Secara akademik, jejak rekam elektoral merupakan indikator utama dalam menilai kapasitas kepemimpinan partai di wilayah dengan kompetisi politik tinggi. Dalam catatan pertarungan Pilwali Makassar, Munafri Arifuddin mengalami dua kali kegagalan elektoral, termasuk satu momen yang secara simbolik sangat signifikan: kekalahan dari kotak kosong. Dalam kajian politik elektoral, kekalahan dari kotak kosong bukan sekadar kalah kontestasi, melainkan penanda lemahnya konsolidasi kepercayaan publik terhadap figur kandidat.
Kemenangan Munafri Arifuddin pada Pilwali terakhir memang mengubah posisi politiknya secara formal, namun tidak dapat serta-merta diterjemahkan sebagai kemenangan hegemonik. Kemenangan tersebut berlangsung dalam konfigurasi politik yang sangat kompetitif, dengan selisih dan dukungan yang relatif tipis. Dalam teori legitimasi politik, kemenangan semacam ini menuntut fase pasca-elektoral berupa penguatan basis sosial dan pembuktian kinerja, bukan ekspansi ambisi struktural.
Lebih jauh, masa jabatan Munafri Arifuddin sebagai Wali Kota Makassar belum mencapai dua tahun. Dalam perspektif tata kelola pemerintahan, periode ini bahkan belum cukup untuk menilai keberhasilan kepemimpinan secara substantif. Makassar sebagai kota metropolitan dan pusat gravitasi politik Sulawesi Selatan memerlukan stabilitas, konsolidasi birokrasi, serta kepuasan publik yang terukur. Kegagalan menjaga variabel-variabel ini akan berdampak langsung pada keberlanjutan karier politik sang wali kota.
Di sisi lain, Golkar Sulawesi Selatan memiliki tradisi kepemimpinan yang berbeda dari banyak daerah lain. Secara historis, Golkar Sulsel dipimpin oleh figur yang menang di masyarakat sebelum memimpin di partai, memiliki jejaring lintas kabupaten/kota, serta mampu mengendalikan fraksi-fraksi internal yang kompleks. Kepemimpinan Golkar Sulsel bukan ruang pembelajaran, melainkan arena ujian tertinggi bagi politisi matang.

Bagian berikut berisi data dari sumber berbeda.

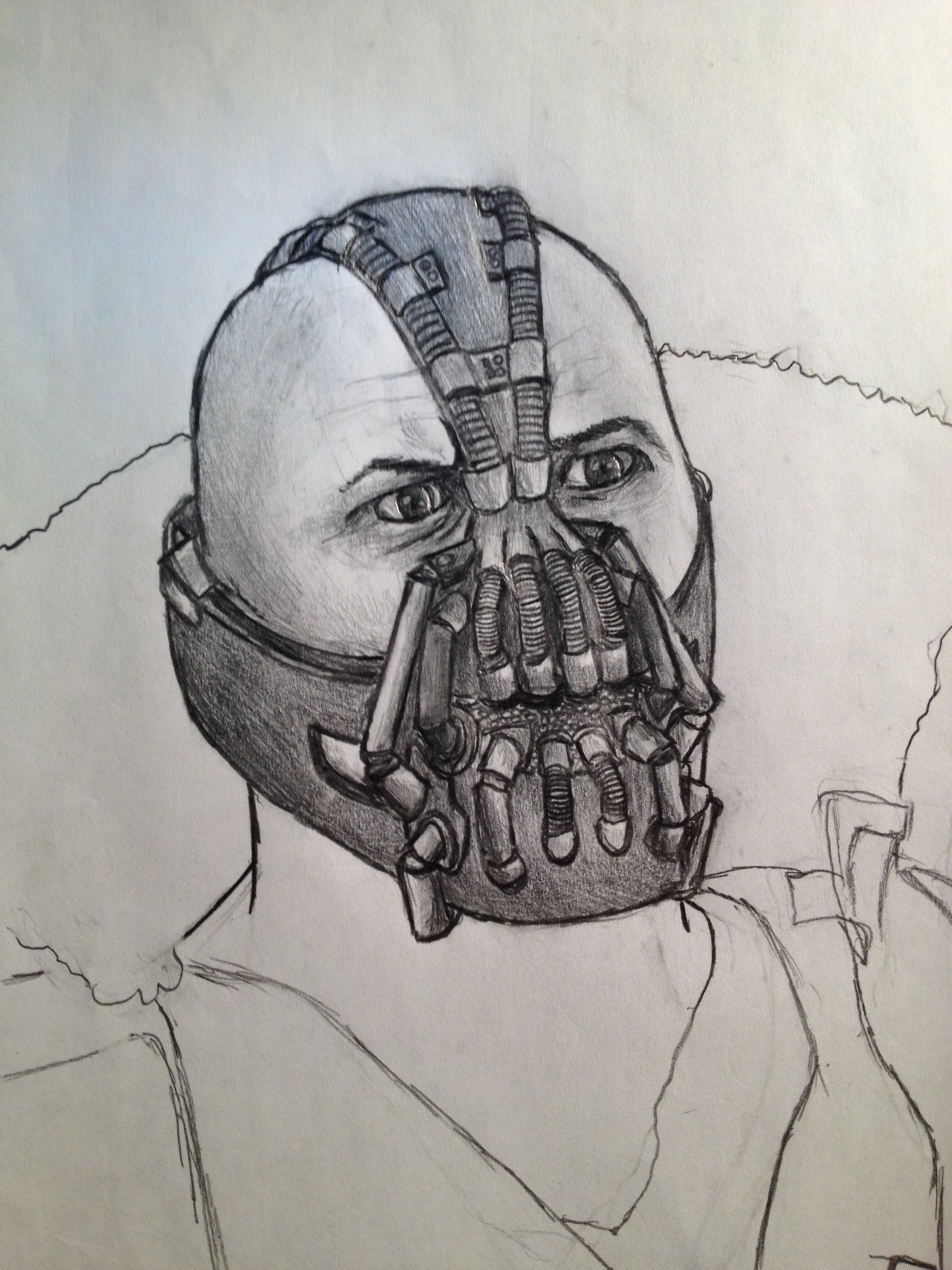 1224x1632 My Ongoing Bane Drawing What Do You Guys Think - Bane Drawing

Dari sudut pandang kultur politik Sulawesi Selatan, kepemimpinan menuntut ketegasan, daya tawar, dan kemampuan menjaga keseimbangan elite lokal. Figur Ketua DPD I Golkar Sulsel dituntut bukan hanya populer, tetapi memiliki rekam jejak dominasi politik yang konsisten. Dalam konteks ini, rekam jejak Munafri Arifuddin masih menunjukkan lebih banyak fase adaptasi dibanding fase dominasi.
Karena itu, ambisi maju sebagai Ketua DPD I Golkar Sulsel berpotensi dibaca sebagai ambisi prematur—yakni lompatan struktural yang tidak sepenuhnya ditopang oleh konsolidasi elektoral dan legitimasi kultural. Dalam politik Sulawesi Selatan, kepercayaan diri yang tidak disertai kemenangan berlapis sering kali berakhir pada resistensi internal dan fragmentasi kekuasaan.
Musda Golkar Sulsel dengan demikian bukan hanya soal siapa yang menang, melainkan apakah Golkar tetap setia pada tradisi kepemimpinan kuatnya, atau mulai bergeser ke politik simbol dan posisi. Sejarah politik Sulawesi Selatan menunjukkan bahwa partai yang mengabaikan rekam jejak dan kultur lokal akan menghadapi krisis legitimasi, baik di internal maupun di hadapan publik.
Pada titik ini, jejak rekam Munafri Arifuddin seharusnya menjadi bahan refleksi strategis, bukan sekadar modal kepercayaan diri. Golkar Sulsel membutuhkan pemimpin yang tidak hanya siap memimpin struktur, tetapi telah teruji menguasai medan politik Sulawesi Selatan secara nyata.